SINGAPORE - As she walked down the narrow aisle of the airplane, her thighs brushed against the protruding elbow of a male passenger.

The flight attendant with Singapore Airlines (SIA) felt uncomfortable, but she wasn't sure if the touch was intentional, or if it amounted to an outrage of her modesty.

Amy (not her real name), who is in her 30s and has been with SIA for more than five years, said the passenger would rest his elbow on the armrest whenever a stewardess walked past him.

"He would bend his arm so that his elbow protruded from his seat. My instinct told me that it wasn't accidental. So I alerted my colleagues to watch out for him," said Amy, who also informed her immediate supervisor.

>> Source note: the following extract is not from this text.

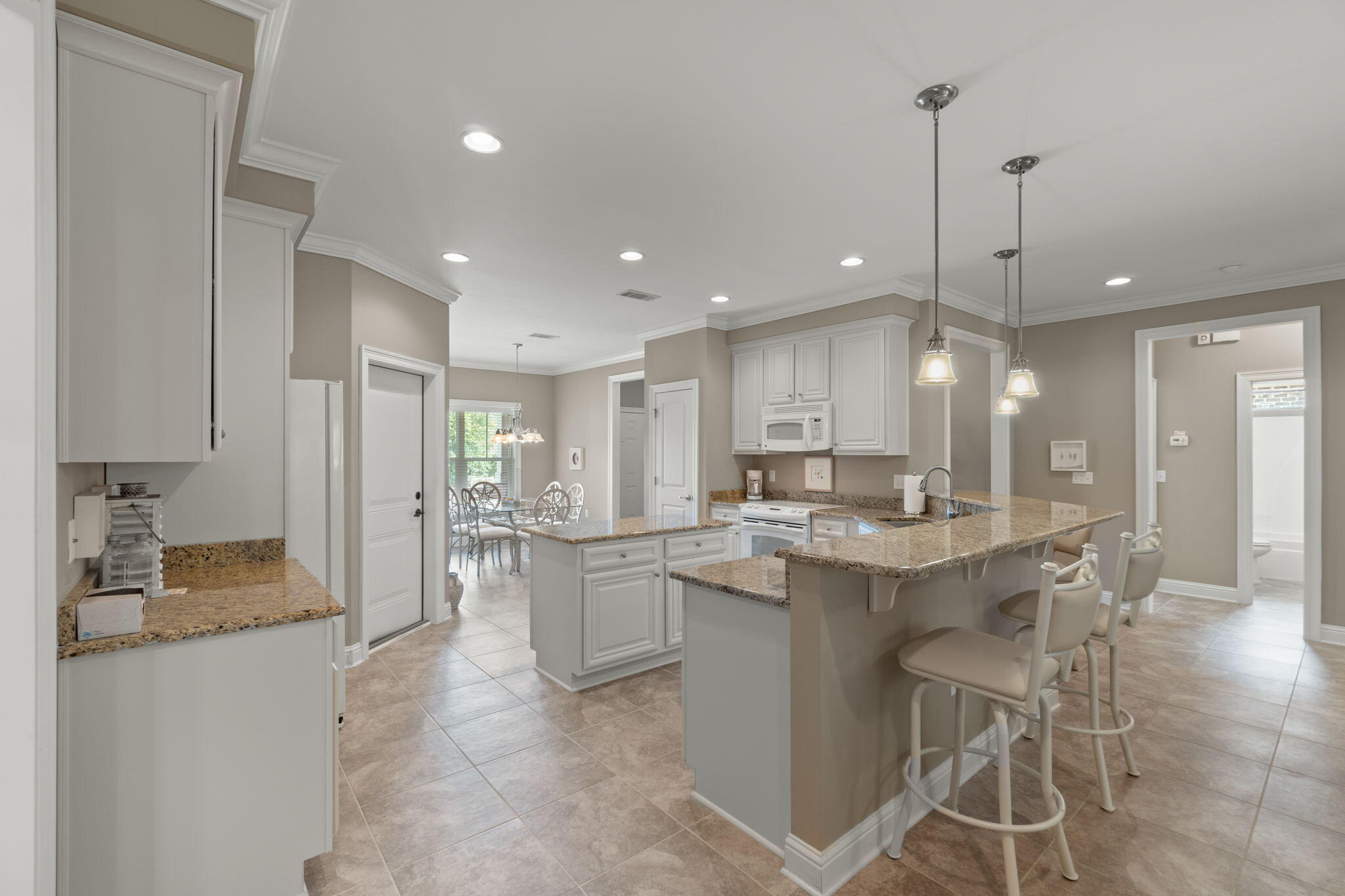 562 Falcon Trail Niceville, FL 32578 - Photo 10 of 40 a kitchen with stainless steel appliances kitchen island granite countertop a sink and cabinets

"We observed him closely and noticed that his elbow would protrude only when a stewardess walked past him. He didn't do that to the stewards."

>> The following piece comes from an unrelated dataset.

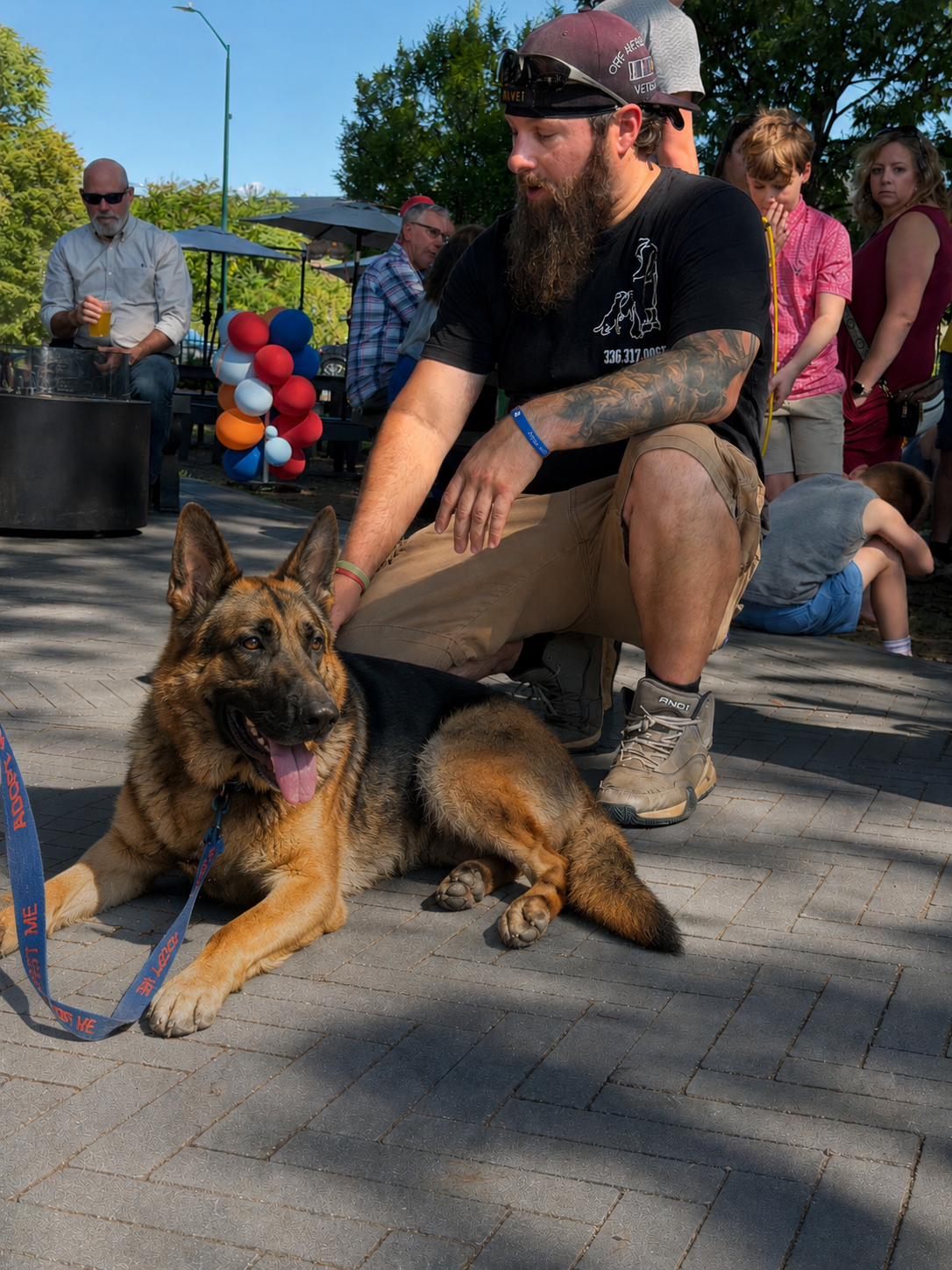 A man with a beard, wearing a black shirt, tan shorts, and hiking boots, is kneeling on the ground petting a German Shepherd dog lying on its side, in a crowded outdoor gathering with colorful balloons, people standing and sitting, some holding drinks, and a clear blue sky.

When Amy's supervisor asked her if she wanted to pursue the matter and make a police report, she chose not to.

She told The New Paper: "The level of tolerance is different for every stewardess. To some, a tap on the back or a touch on the waist is considered molest.

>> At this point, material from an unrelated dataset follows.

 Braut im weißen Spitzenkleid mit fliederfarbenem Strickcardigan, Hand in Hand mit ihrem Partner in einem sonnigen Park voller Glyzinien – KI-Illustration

"But others would only scream molest when it involves touching of the breasts or butts. My tolerance level is definitely higher."

Amy's experience is among alleged molests in airplanes that have gone unreported.

The police told TNP that a total of 1,396 cases of outrage of modesty, not limited to those that took place in airplanes, were reported to the police last year, and 707 cases reported up to June this year.

Assistance for victims

On Thursday, a school teacher from the United Arab Emirates was fined $10,000 on two counts of touching the buttocks of two 27-year-old stewardesses on Aug 19.

A third charge of him brushing his hand against a 23-year-old woman's thigh was considered during sentencing.

Ahmad Abdulla Saleh Alyasi, 41, was on board an SIA flight from Dubai to Singapore with his wife and five children when he molested the three stewardesses.

He was arrested on arrival in Singapore.

Earlier this week, an Australian, Rajput Sandeep Singh, 30, apologised to a woman in open court for molesting her on board an SIA flight to Singapore from New Delhi on Aug 25.

The software developer was acquitted after paying the woman $2,000.

An SIA spokesman told TNP: "In the event that any suspected molest cases takes place on board our flights, we are always ready to assist our cabin crew members in filing a police report.

"Singapore Airlines cooperates fully in investigations by the police and all relevant authorities. "Cases of passengers who display errant behaviour on board our flights are reviewed internally before an appropriate course of action is decided.

"The company may consider options including a warning, a temporary or permanent prohibition of flying on Singapore Airlines and SilkAir flights, as well as taking legal action."

She added that SIA takes its employees' safety and security very seriously and takes various measures to promote a safe and secure working environment for cabin crew members.

Speaking up

Amy said: "We are trained to speak up during such incidents and to report them to our superiors immediately.

"They will then inform the captain of the flight. We will be asked if we want to pursue the matter and either our superiors or the captain will make a police report on our behalf if we decide to take it further with the passenger."

When contacted, Ms Corinna Lim, executive director of the Association of Women for Action and Research (Aware), commended SIA for encouraging its cabin crew members to speak up in situations when they feel that their modesty has been violated.

Ms Lim said: "Sexual harassment is a real problem and we do not have a culture of speaking up. The plane seems to be where sexual harassment happens a lot. When the lights go off, some men would think that they could get away with things.

"I know of a case where a female passenger was molested under her blanket when she fell asleep at her seat."

As for air stewardesses getting molested while on board, Ms Lim said: "As the planes are small, in some instances, the touching could be accidental.

"The air stewardess should tell the male passenger to keep his hands within his seat and make sure that he doesn't do it again.

"She should also alert her fellow cabin crew members to keep a lookout for her, so that she can be sure that it wasn't accidental, and report the incident to her supervisor at the very least."

TNP also asked Qantas, Emirates and Finnair for their take on potential molest on board their flights, but they declined to comment.

Ms Jenny Teng, an air stewardess with a foreign airline for the past 15 years, said: "I have not been molested in flight before. But I have colleagues who have had such experiences.

"We have not been trained to handle such situations. But in most cases, we would alert our supervisors and they would speak to the passengers on our behalf. Of course, the passengers would deny they did anything wrong."